• **Entries provided**:

________________

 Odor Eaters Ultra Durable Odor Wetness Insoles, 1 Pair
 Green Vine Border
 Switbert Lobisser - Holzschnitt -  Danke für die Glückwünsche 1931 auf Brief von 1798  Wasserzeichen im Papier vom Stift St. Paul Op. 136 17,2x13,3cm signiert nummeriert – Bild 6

________________

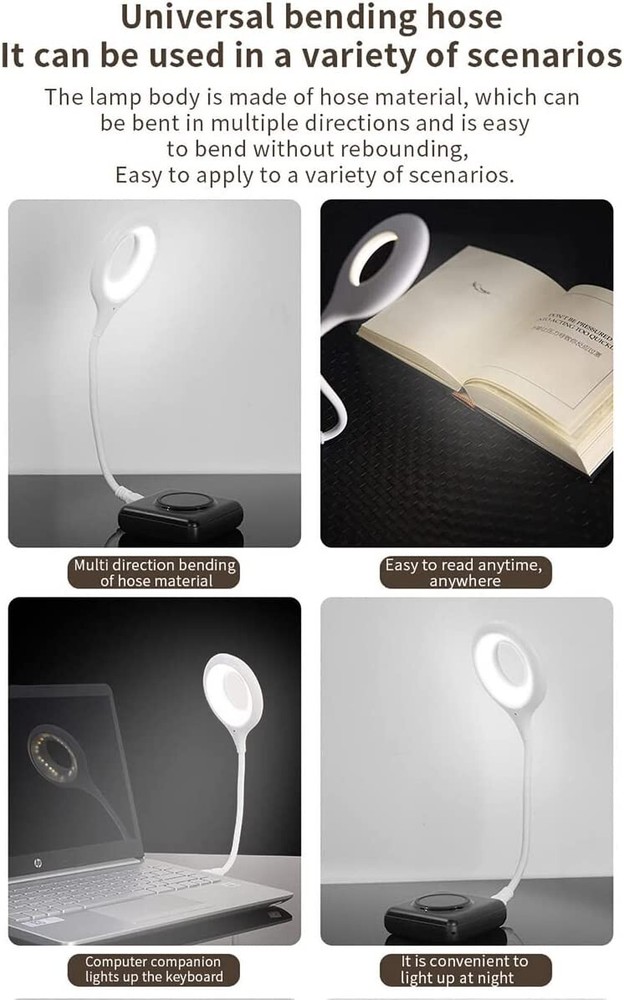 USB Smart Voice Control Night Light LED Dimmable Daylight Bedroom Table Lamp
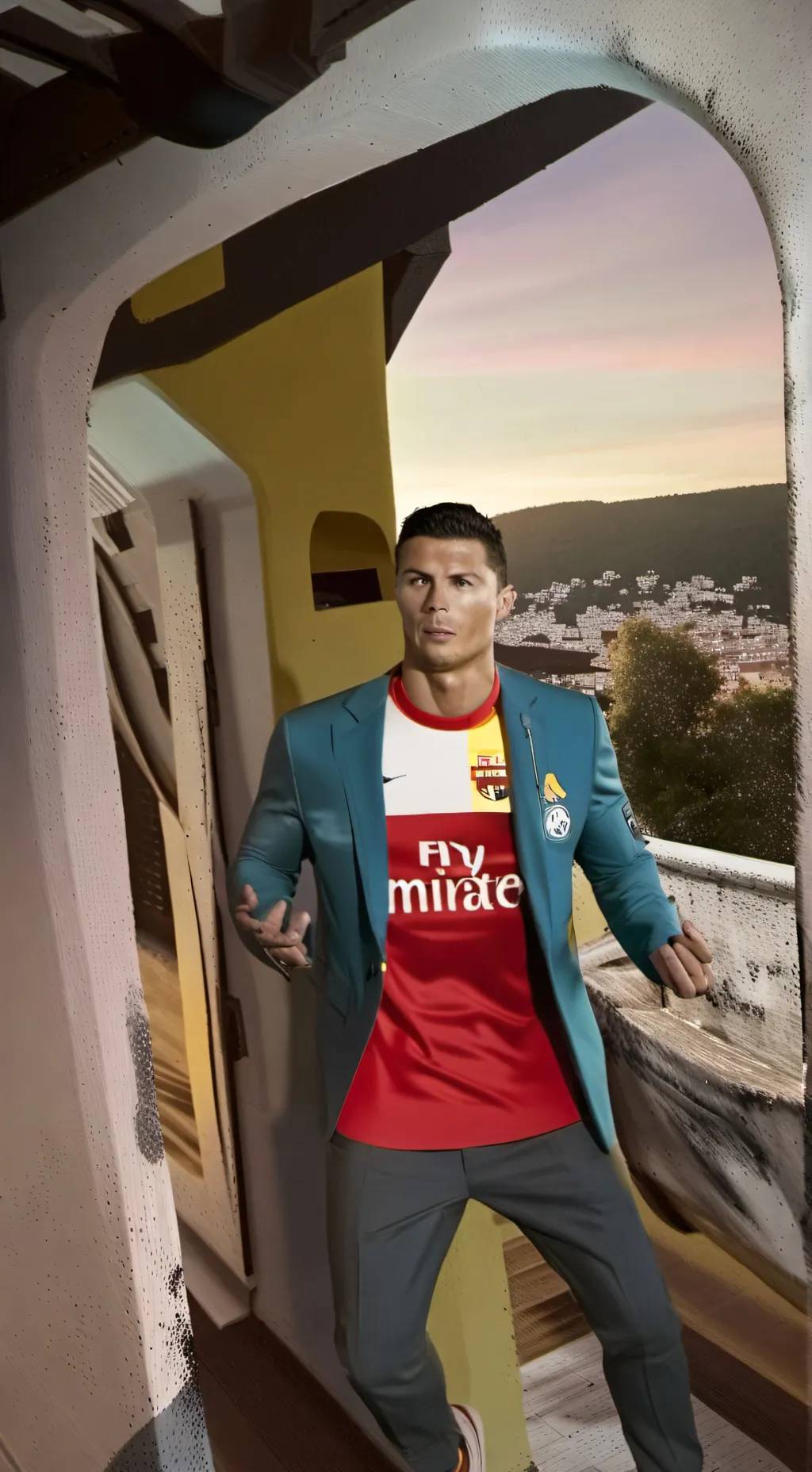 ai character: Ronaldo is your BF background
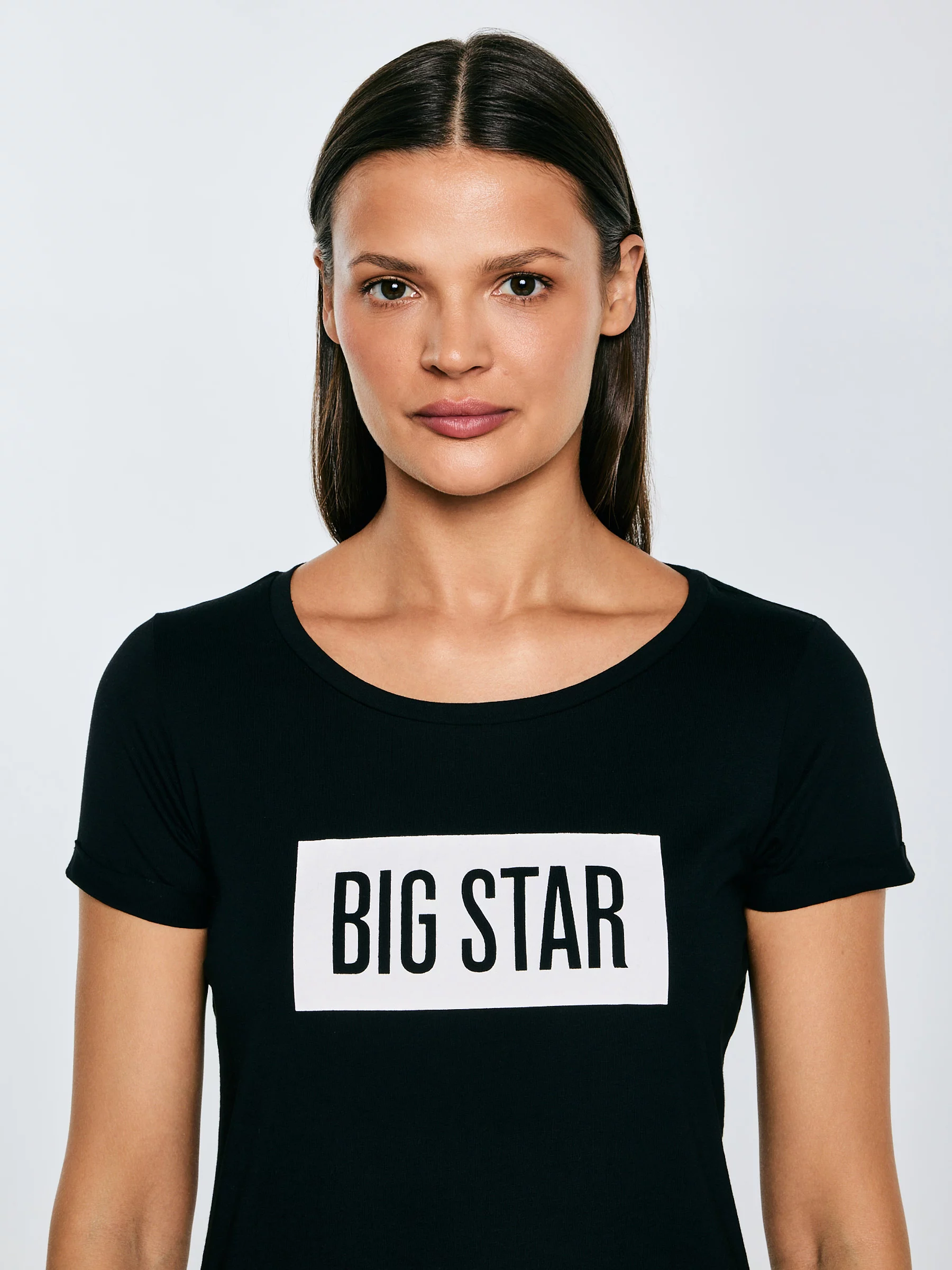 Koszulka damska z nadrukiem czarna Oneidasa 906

________________

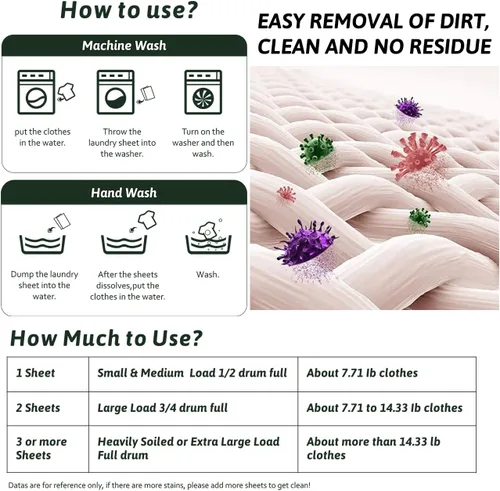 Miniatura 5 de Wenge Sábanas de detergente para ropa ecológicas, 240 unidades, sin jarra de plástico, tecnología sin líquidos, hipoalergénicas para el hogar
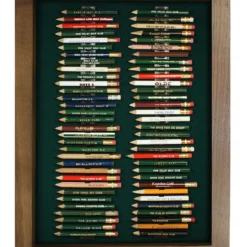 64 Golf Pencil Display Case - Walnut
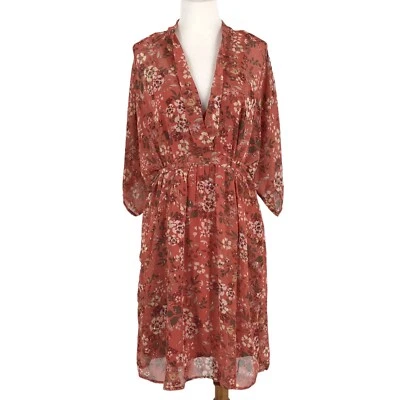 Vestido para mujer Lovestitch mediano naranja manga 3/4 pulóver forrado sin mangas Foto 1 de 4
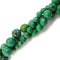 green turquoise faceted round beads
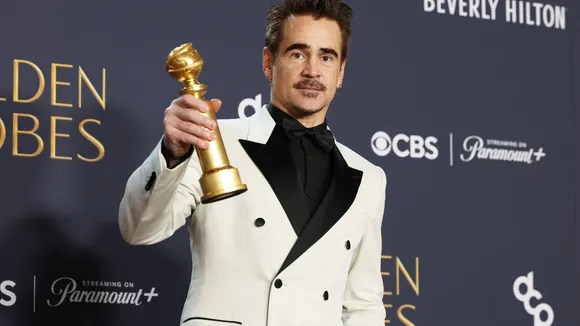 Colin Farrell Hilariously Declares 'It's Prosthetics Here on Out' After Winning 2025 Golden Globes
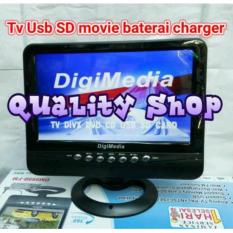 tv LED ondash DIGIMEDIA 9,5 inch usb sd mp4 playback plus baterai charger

________________

• **Exercise**:
Starting at the line that has "Odor Eaters Ultra" and ending at the line that has "Switbert Lobisser - Holzschnitt", please write out the lines above exactly, leaving out all others.

• **Answer section**:
 Odor Eaters Ultra Durable Odor Wetness Insoles, 1 Pair
 Green Vine Border
 Switbert Lobisser - Holzschnitt -  Danke für die Glückwünsche 1931 auf Brief von 1798  Wasserzeichen im Papier vom Stift St. Paul Op. 136 17,2x13,3cm signiert nummeriert – Bild 6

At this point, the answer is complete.